Actes du Colloque de Cerisy | « L’Écriture du malaise »

Sous la direction de Houria Abdelouahed, Jean-François Chiantaretto et Jean-Michel Hirt. Ithaque, les Colloques de Cerisy, Université Sorbonne Paris Nord, septembre 2024. Cerisy-la-Salle du 16 au 22 juin 2023

Ithaque éditions, septembre 2024

Article rédigé par : Catherine Herbert

« Comment de nos jours rester freudiens dans notre réflexion sur les maux de la civilisation ? Seule aujourd’hui une écriture reliée à celle de Freud – mais sous quelle forme – nous permettrait-elle de questionner le système de pensées, étayé sur le langage de l’histoire qui conditionne notre penser ? Et d’interroger dans le même mouvement ce qui dans l’état actuel de la culture, et donc de la psychanalyse, nous empêche de penser ? » Telle est l’introduction de ce recueil des textes des vingt et un auteurs qui se sont réunis lors du Colloque de Cerisy, « L’Écriture du malaise », en juin 2023. Questions essentielles, questions psychanalytiques, questions politiques, puisque la psychanalyse est aussi politique au sens de la polis et du monde commun, selon Hannah Arendt.

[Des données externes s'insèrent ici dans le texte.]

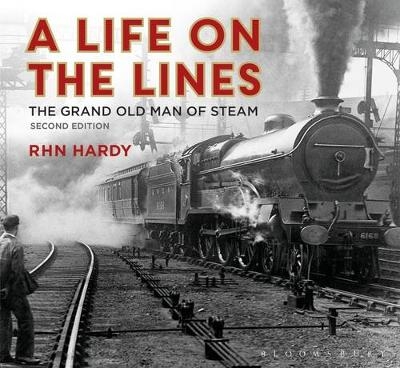 A Life on the Lines -  R H N Hardy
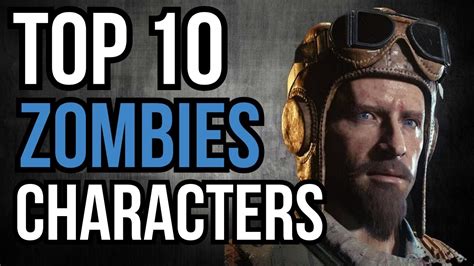 TOP 10 CHARACTERS IN DEPTH! (COD ZOMBIES) - YouTube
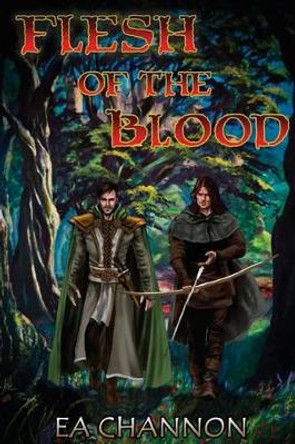 Flesh of the Blood E A Channon 9780692275603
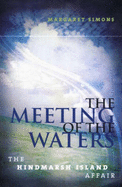 The Meeting of the Waters: The Hindmarsh Island Affair - Simons, Margaret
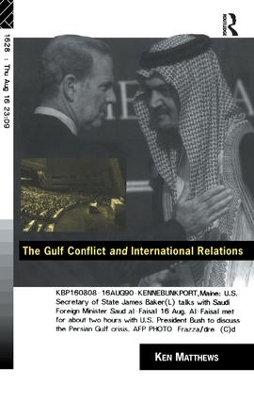 Book cover for The Gulf Conflict and International Relations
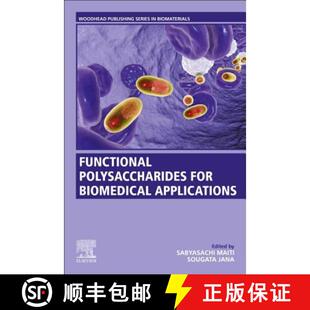 【3-4周达】ELS Functional Polysaccharides for Biomedical Applications [9780081025550]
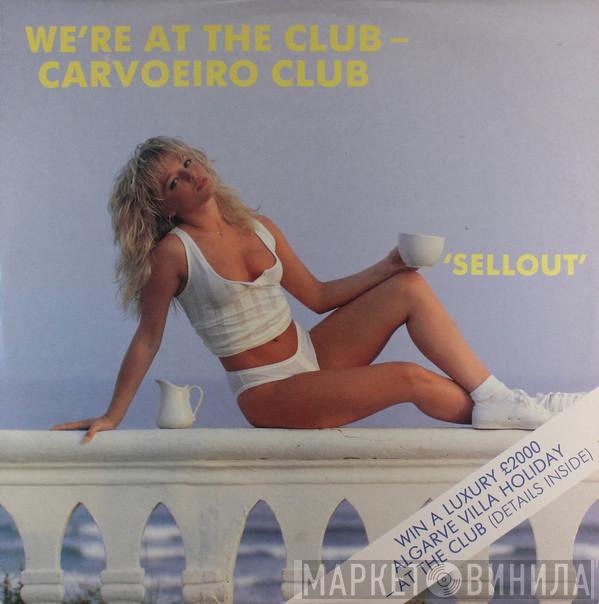 Sellout  - We're At The Club - Carvoeiro Club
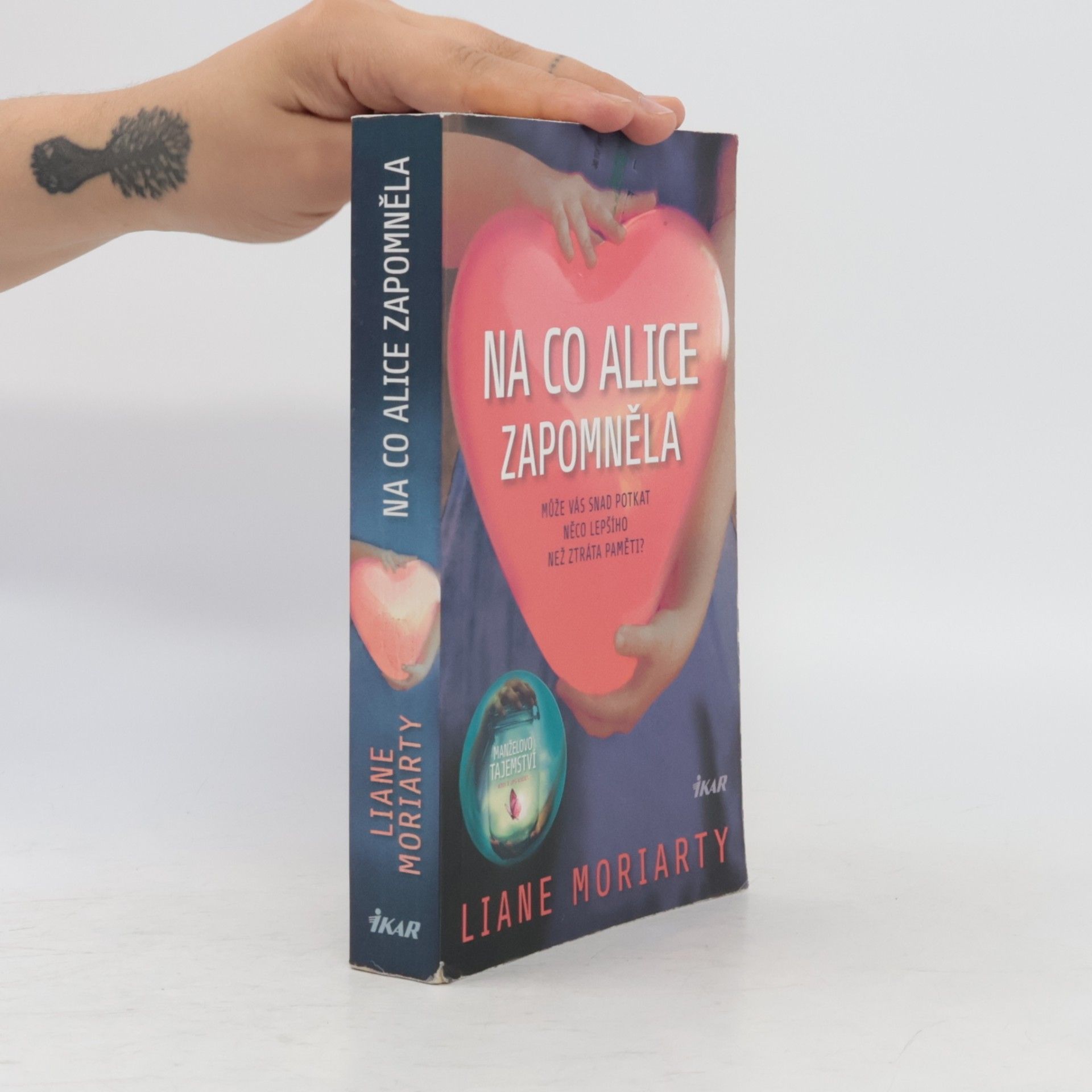 Liane Moriarty Na co Alice zapomněla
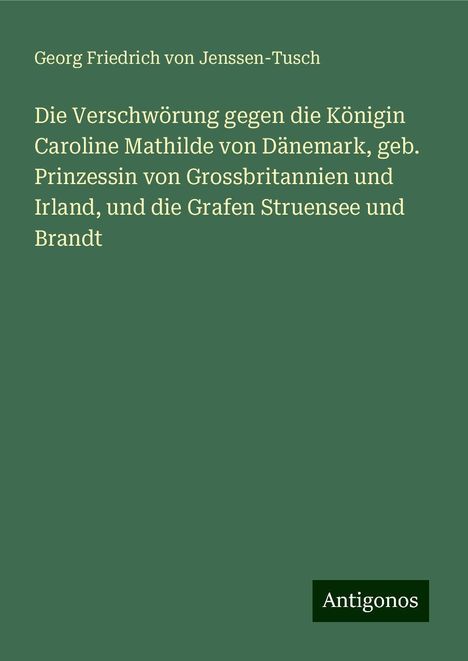 Georg Friedrich Von Jenssen-Tusch: Die Verschwörung gegen die Königin Caroline Mathilde von Dänemark, geb. Prinzessin von Grossbritannien und Irland, und die Grafen Struensee und Brandt, Buch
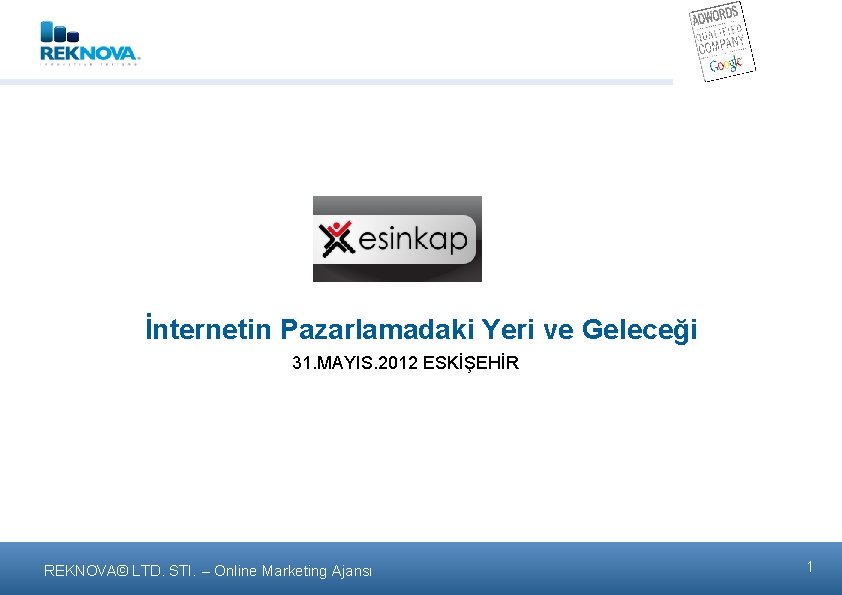 İnternetin Pazarlamadaki Yeri ve Geleceği 31. MAYIS. 2012 ESKİŞEHİR REKNOVA© LTD. STI. – Online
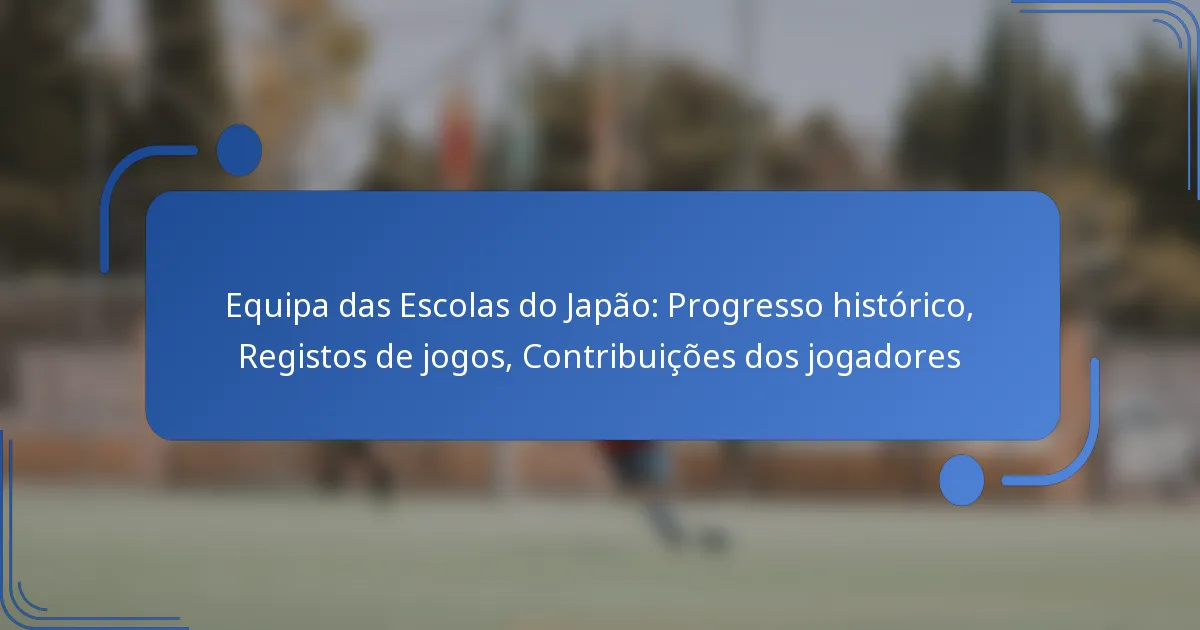 Equipa das Escolas do Japão: Progresso histórico, Registos de jogos, Contribuições dos jogadores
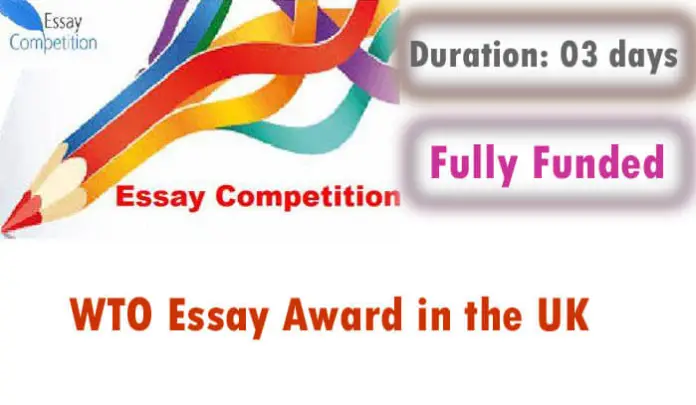 Wto Essay Award 2023 Fully Funded Trip To The Uk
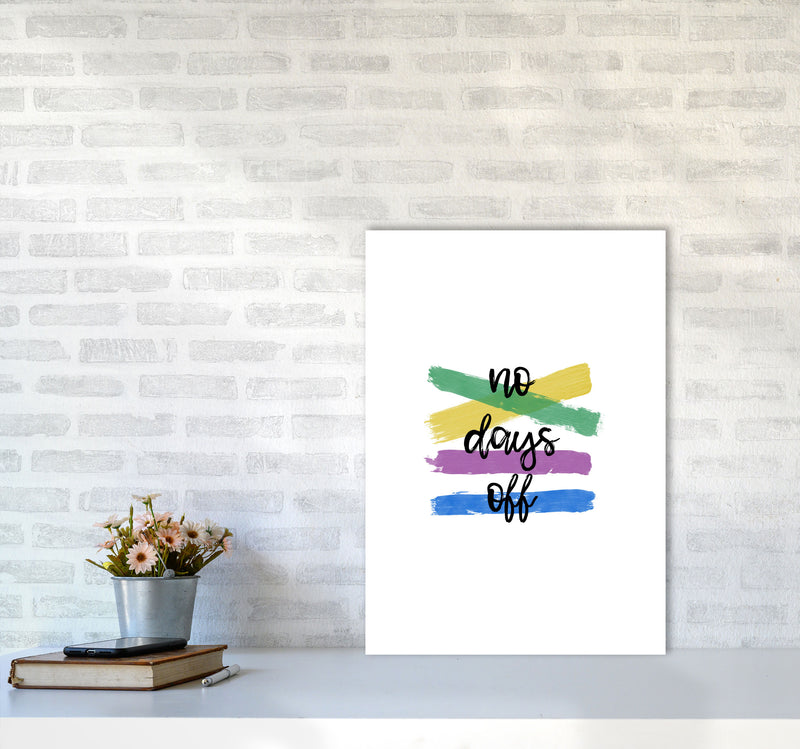 No Days Off Print By Orara Studio A2 Black Frame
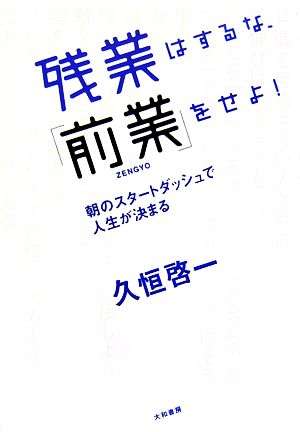 残業はするな、「前業」をせよ！ 朝のスタートダッシュで人生が決まる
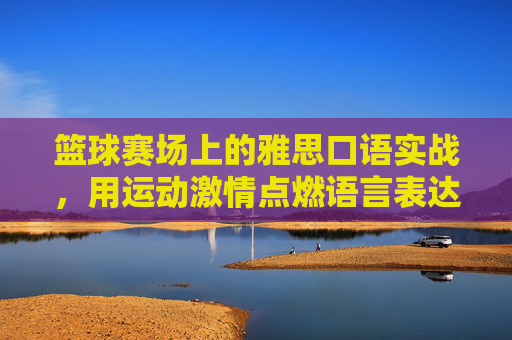 篮球赛场上的雅思口语实战,用运动激情点燃语言表达的火花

Ce recueil nous montre combien la liberté de parole et d’écriture est intimement lié à la liberté de penser et la liberté d’être. Au travers de ces six chapitres contenants chacun trois à quatre textes, nous découvrons la richesse et la vitalité des échanges de ces quelques jours cerisyens de juin 23. Ces écrits sont des plus intimes aux plus universels arborant ainsi ce lien si fort entre individu et collectif que la psychanalyse essaie de penser depuis son origine.

Six chapitres –De la cure, De l’écriture, De l’âme, Du trauma, Du genre, De la culture – qui rappellent que la psychanalyse est subversive, qu’elle dérange, que son lien à l’écriture est présent depuis Freud, révélant toujours la présence – absence des autres. Six chapitres que l’on pourrait regrouper en trois grands thèmes : la chair et son fracas du sexuel, du pulsionnel ; l’évènement source de jouissance et cause de symptômes ; le culturel, ses modifications et les possibles dérives de la psychanalyse. Les auteurs sont essentiellement psychanalystes mais aussi essayistes, philosophes, psychiatres, psychologues, traducteurs, anthropologues et éditeurs. Ils abordent chacun dans leur discipline, thème et écriture, différentes figures du malaise contemporain dans l’identité, le genre, la guerre, les traumatismes, l’emprise du virtuel, la parole, l’écriture, le lien social, la cure et la formation analytiques, le transfert et le contre-transfert.

Cet ouvrage rappelle combien l’être humain est un être social et un être de récit, combien l’altérité est une nécessité à sa construction, combien la conflictualisation et la complexité sont primordiales, combien l’inscription dans une temporalité est essentielle. La psychanalyse, sans renier ses fondamentaux, dans son dialogue avec d’autres disciplines, les enrichit et s’enrichit. Elle permet de s’approprier, saisir le sujet dans le monde contemporain. Elle continue d’écouter, de révéler et de penser le tragique de l’homme.

« Ce que tu as hérité de tes pères, acquiers-leafin de le posséder. » Acquérir, conquérir pourrait-on ajouter. Cette phrase du Faust de Goethe, reprise par Freud, nous évoque cette question de la transmission centrale dans la psychanalyse, centrale dans cet ouvrage. L’héritage est une conquête, un processus, que chacun d’entre nous doit affronter, tout comme la société ; un processus qui, comme l’analyse, s’étaye sur la pulsion épistémophilique, sur l’investissement pour penser la vie en société et sa vie. Transmission qui, aujourd’hui, se trouve bousculée à l’intérieur même de la psychanalyse tout autant que par l’extérieur. Après la lecture de cet ouvrage, nous comprenons combien le malaise contemporain, individuel et collectif, reste bouleversant et déstabilisant. Qu’il nous revient, à nous analystes, de rester au plus près d’une mémoire de la transmission sans prétention ni condescendance, et d’une curiosité accordée à l’incertitude de l’avenir. « L’Écriture du malaise », qui n’est pas sans nous faire penser au « Malaise dans la civilisation » de Freud, est un livre essentiel pour continuer à penser, à partir de Freud et de ses héritiers, cette question centrale du malaise individuel et du malaise sociétal.

Catherine Herbert

Psychanalyste, Association Psychanalytique de France.